School closing a sign of things to come?

The closing of any school is a sad occasion. Such is the case in the demise of Fair Bluff Elementary School.

Forty years ago, the school had more than 500 students. At the start of the coming school year, projections showed that it would have fewer than the minimum 100 required by the state. The school had seven teachers, some of whom were required to teach multiple grades.

Residents made impassioned pleas to the school board to keep Fair Bluff Elementary open, but it was for naught.

Closing the school was all but inevitable. The downward trend was clear.

School choice through No Child Left Behind and the opening of the Columbus Charter School this year sealed the school’s fate. The school’s Cracker Jack principal, Dr. Jennifer Smith, resigned earlier this summer to take a job in Charlotte. Test scores were again among the lowest in the state despite Smith’s and the staff’s efforts.
If other communities want to prevent what happened in Fair Bluff, what can be done?

In the final analysis, parental involvement is the key.

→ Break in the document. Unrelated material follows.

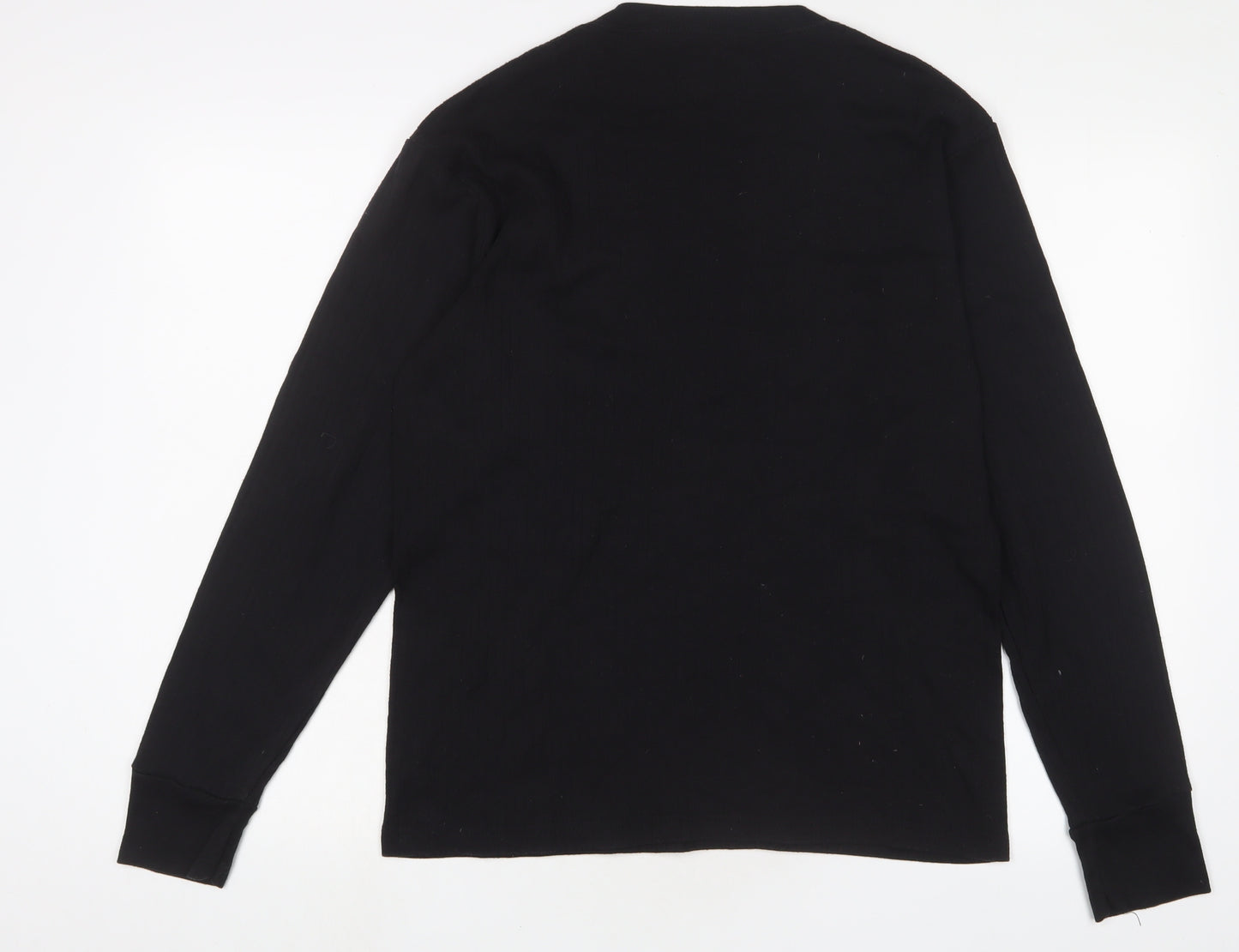 Freedom Trail Mens Black Cotton T-Shirt Size L Collared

Show us a school with high parental involvement, and we’ll show you a successful school. Principal Smith made efforts to increase participation by parents, but to no appreciable avail.

This is where a program like Communities in Schools, which is in place with the city school system, might prove beneficial.

Then there’s the issue of transfers out of Fair Bluff Elementary even before school choice. It’s a moot point now, but transfers to Evergreen and Cerro Gordo are part of the reason for the school’s failure.

But who can blame parents for seeking better opportunities for their children when their own school is sinking? Obviously, mass transfers or transfer requests are a red flag signaling that changes must be made.
We continue to worry about the long-term fate of our public schools. Educating children in areas where the poverty, drug use and illiteracy rates are high is a monumental challenge.

Parental involvement is such a key component, but reality tells us that this is usually commensurate with the poverty rate.

Funding for pre-K programs, efforts to lower class sizes and initiatives to pay wages that would entice motivated professionals to enter the teaching field would help. Dedicated teachers and administrators make a difference.

It’s projected that the cost of the dubious war in Iraq will total more than $1 trillion. What if even half of that went for education here at home?

Education gets a lot of lip service, but when real resources are dedicated to education, it’s been shown time and time again that it doesn’t matter if the students are rich or poor, they can learn.

Yet, another school bites the dust. We wonder if more will follow.